When Operation Sarbakaf started in Mamund on 29 June, to drive out Tehreek-i-Taliban Pakistan (TTP) militants from the area, the region had already been suffering from kidnappings and ransom networks, as well as foreign fighters entrenched in local villages, for months. In response, protests led by youth groups became a Qaumi Jirga that called for negotiations with the militants. Yet this “peace jirga,” rather than reflecting real community will, quickly came to be seen as a mechanism that blurred responsibility between the state, tribal leadership and militant groups.

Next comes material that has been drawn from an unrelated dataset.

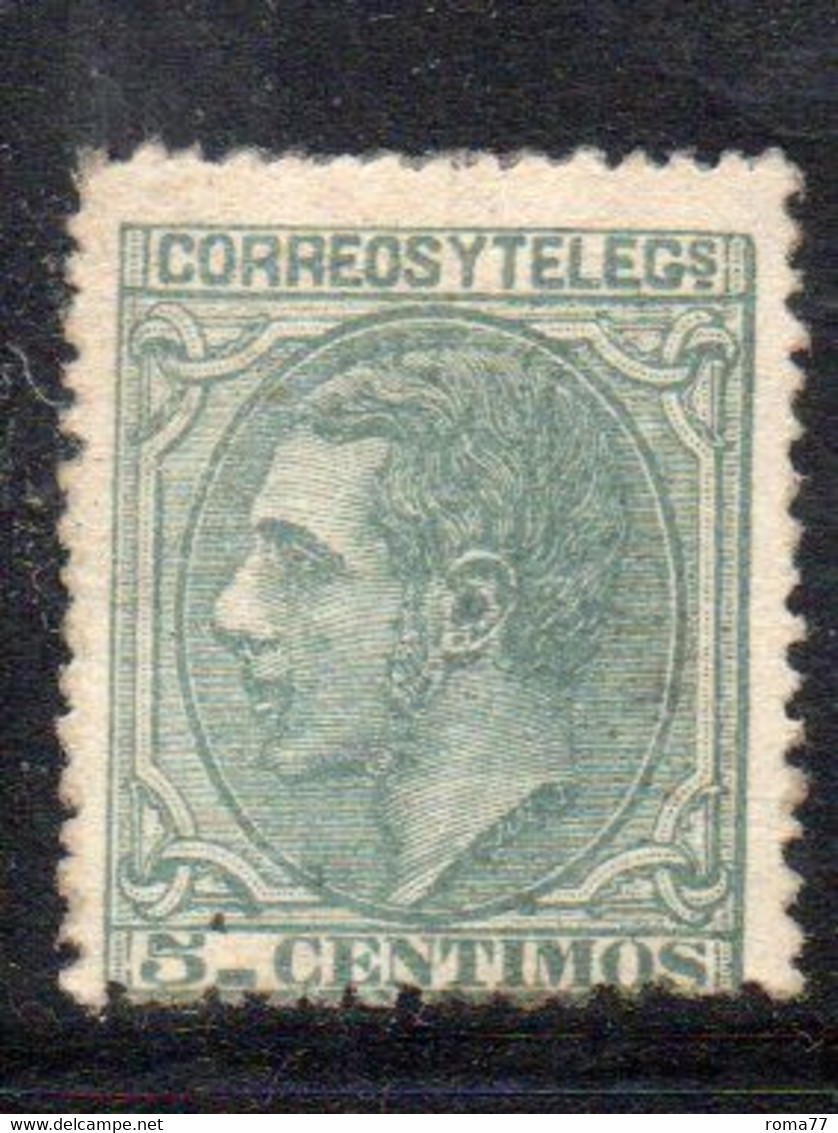 APR996 - SPAGNA 1879, Alfonso XIII 5 Cent N. 184  Gomma Parziale  (2380) - Nuevos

On 2 August, the jirga sat with the TTP commanders Muhammad Ilyas and Malang Bacha. Its demands were straightforward vacate civilian areas, end extortion and repatriate foreign militants. But participants later confessed that the jirga put forward these demands in the name of the government of the KP, but not the community. The jirga, deprived of the traditional autonomy, tried to project the state authority that it lacked. Meanwhile, TTP pushed its own maximalist demands, including enforcement of Sharia in their areas and disarming state patrols conditions impossible for the provincial government to agree to. When talks broke down, violence resumed.
Haroon Rasheed, the political figure spearheading the jirga, went further – he publicly defended TTP’s demand of Sharia and said he had trust from its leadership. By the time the operation was resumed, evacuees who thought the jirga’s constant assurances of “progress” had lost precious time to evacuate. The Bajaur jirga failed, however, not because of some militant intransigence, but because it acted under a false mandate, disguising elite ambitions as community consensus and allowing militants to set the terms of engagement.

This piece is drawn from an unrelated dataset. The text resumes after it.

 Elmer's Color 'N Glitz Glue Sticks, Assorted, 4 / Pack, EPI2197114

Jirgas Are Not Monolithic and Bajaur Shows Why That’s Important
Part of the problem in analyzing Bajaur is the temptation to accept jirgas as homogeneous tribal institutions. In reality, there are jirgas with many geographical and tribal variations, political culture, and relation to the state. Some look like community arbitration forums; others are sort of quasi-political authorities; and others serve as extensions of state power.
In conflict areas, jirgas increasingly work within hybrid forms of governance no longer autonomous but incorporated in military strategies, bureaucratic patronage or as part of political parties. Bajaur exposed how easy it is for a jirga to lose legitimacy as its social base is split and its mediators assert legitimacy that they do not have.

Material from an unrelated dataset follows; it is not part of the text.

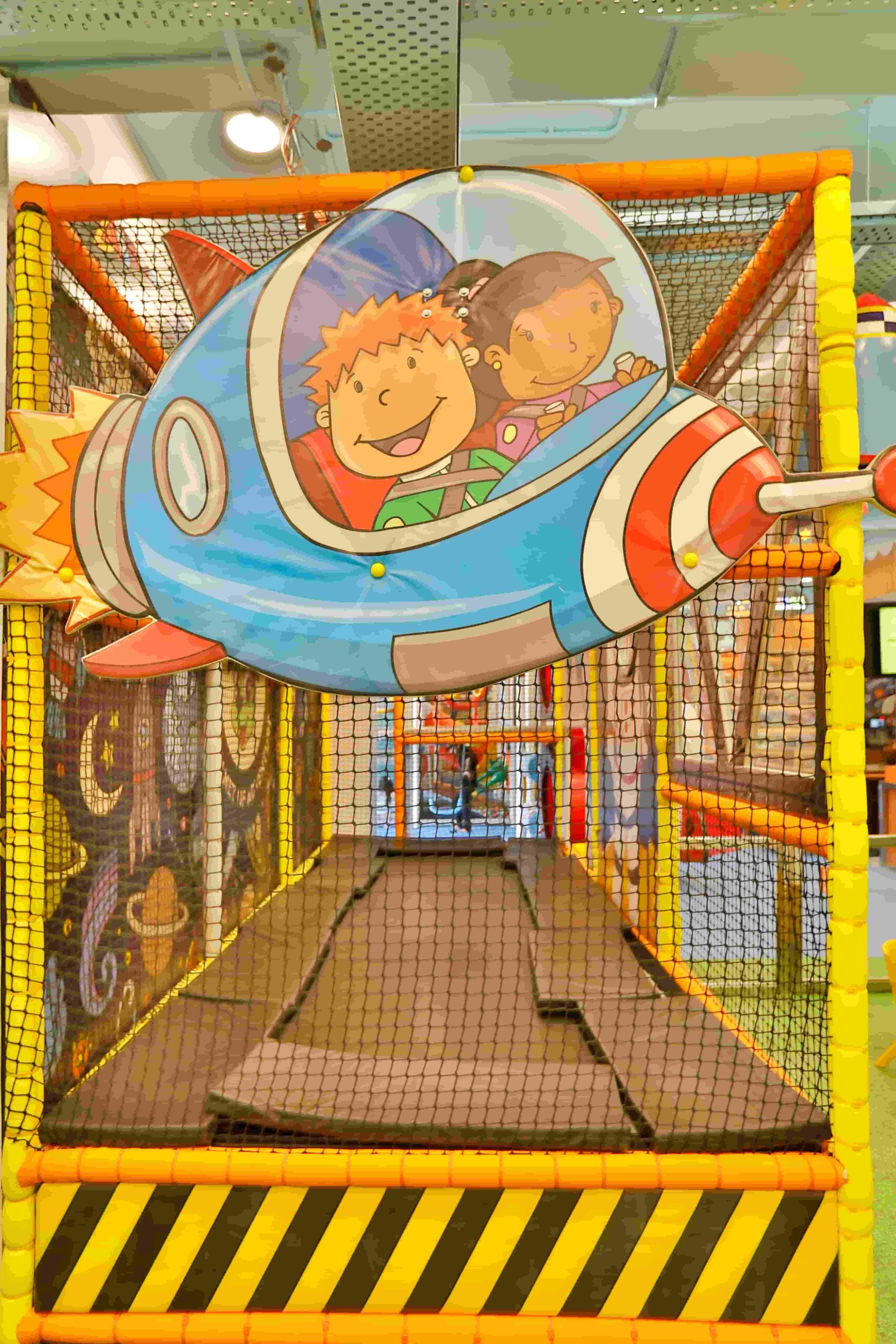 Real Tingaland trampoline lane ready for play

Militant Violence, Transnational Networks and the Collapse of Traditional Authority
The end of the power of jirga did not start in Bajaur. It started after 9/11 when Al-Qaida, Afghan Taliban and the foreign fighters took sanctuary in Pakistan’s tribal districts. Jirgas that used to be based on moral authority were suddenly confronted with actors that had access to transnational safe havens, ideological rigidity, and superior capabilities to employ coercion.
From 2001 to 2015, over a thousand elders, who are the keepers of the local consensus, have been assassinated. The Taliban’s systematic targeting of maliks was not accidental, but was an intentional dismantling of the sociopolitical structure that sustained indigenous dispute resolution. Once stripped of its custodians and under militant watch, the jirga became open to manipulation as was the case in Waziristan and Swat, and now Bajaur.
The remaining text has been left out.